The term “tinted lens” borders on the literal here, as a second experiment showed that people believe the same face is darker when its owner is described as black rather than white. Here are three faces from that experiment—one depicting a black man, one depicting a white man, and the middle face depicting a man who could be plausibly described as either white or black.
Which face looks the darkest? And which looks lightest? Although they’re identical in tone, people perceive and later recall the face belonging to the black man on the left as darker than the face belonging to the white man on the right, with the face belonging to the racially ambiguous man in the center falling somewhere between the two. If you cover up the facial features with your hand and focus only on the foreheads, you’ll be able to see that the faces share an identical skin tone. Racial labels are so powerful that we’re incapable of judging skin tone accurately in their presence.

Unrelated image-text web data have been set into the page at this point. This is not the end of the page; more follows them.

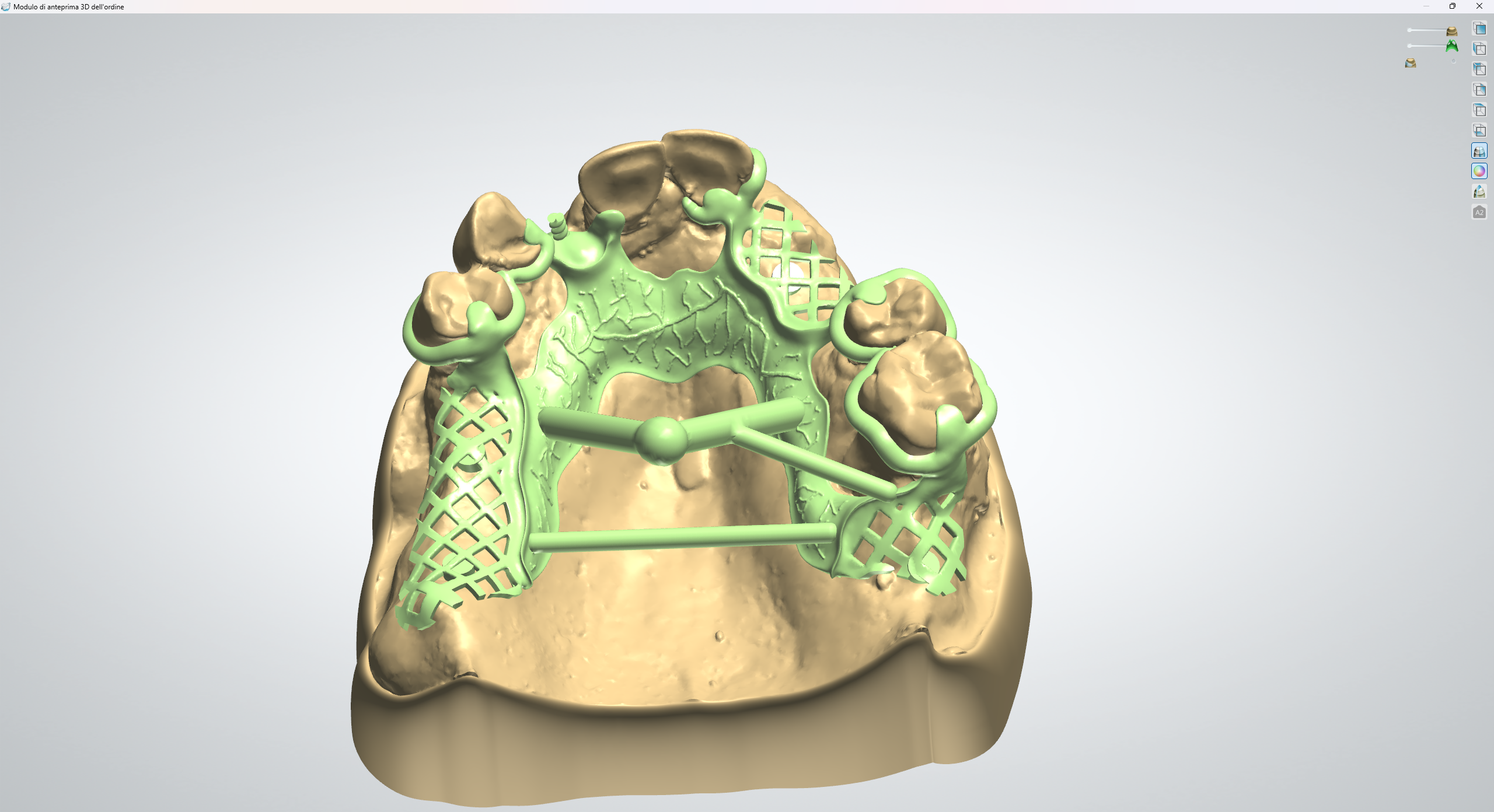 Cad-cast - New B Dental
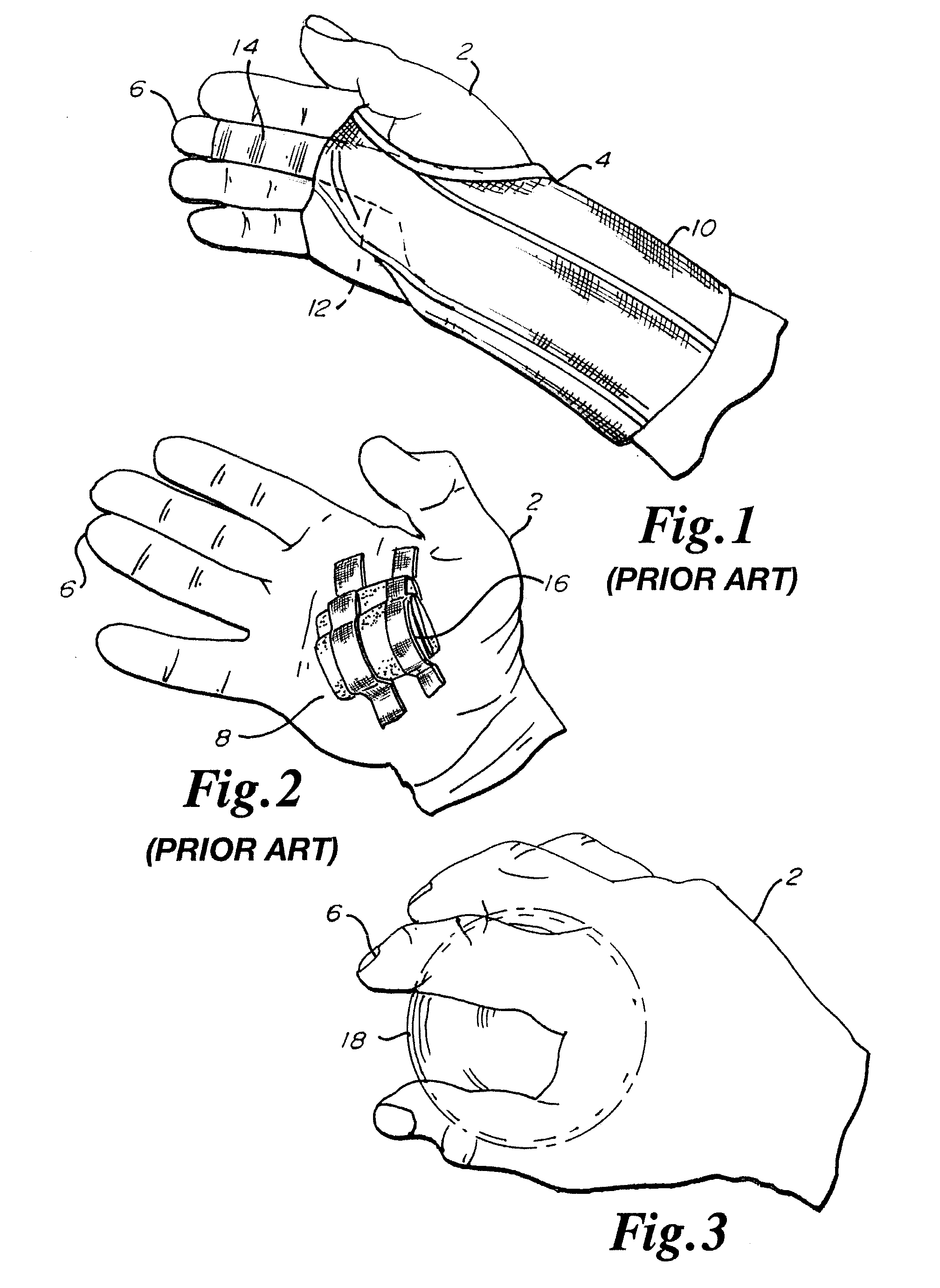 Spherical section hand splint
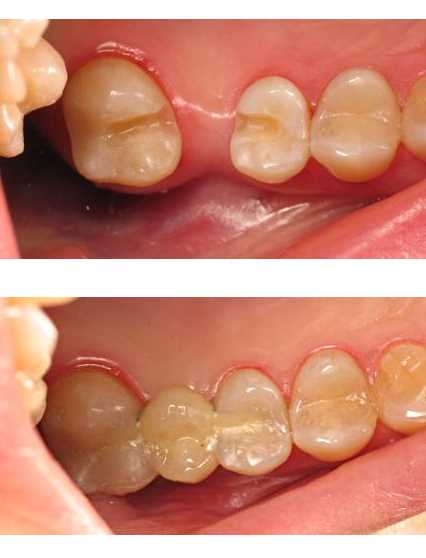 Реставрация зубов без обточки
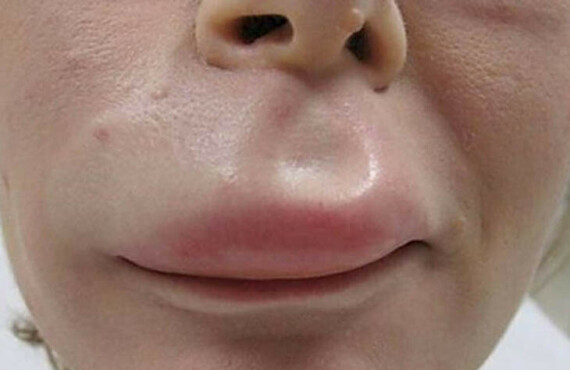 Perindopril gây tác dụng phù mạch ở mặt ,môi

Unfortunately, we’re also incapable of ignoring social labels when assessing a person’s intelligence. In 2005, then Harvard University president Larry Summers attributed the dearth of female science and engineering professors to a “different ava
ilability of aptitude at the high end.” Three years later, British psychologist Chris McManus made a similar claim about working-class citizens, arguing that the working class lacked the intelligence to be doctors. It’s actually very difficult to judge intelligence objectively, especially when the evidence is mixed or inherently ambiguous. In one classic study, two researchers showed that evaluators use labels as a tiebreaker when interpreting this sort of mixed evidence. In that study, Princeton University students decided whether a young fourth-grader named Hannah was performing above, below, or precisely at the level expected of an average student in the fourth grade. During the first phase of the experiment, the students watched one of two brief videos. In one of the videos, Hannah was shown playing in a landscaped park set in a wealthy neighborhood. A quick sweep of her school suggested that it was modern and sprawling, graced with athletic fields and an impressive playground. While the students watched the video, they read a brief biographical report on Hannah, which mentioned that her parents were both college graduates and, now, professionals. This version of Hannah was associated with a series of very favorable labels: wealth, a good school, and educated parents who were now employed as professionals. The other Princeton students were acquainted with a very different and less fortunate version of Hannah. They watched a video of Hannah playing in a fenced-in schoolyard with high-density brick buildings, set amid a neighborhood of small and rundown family homes. This time, the biographical report described Hannah’s parents as high school (but not college) educated, her father working as a meat packer, and her mother as a seamstress from home. This time the labels were portentous, suggesting that Hannah would need to overcome socioeconomic and educational hurdles before attaining academic success.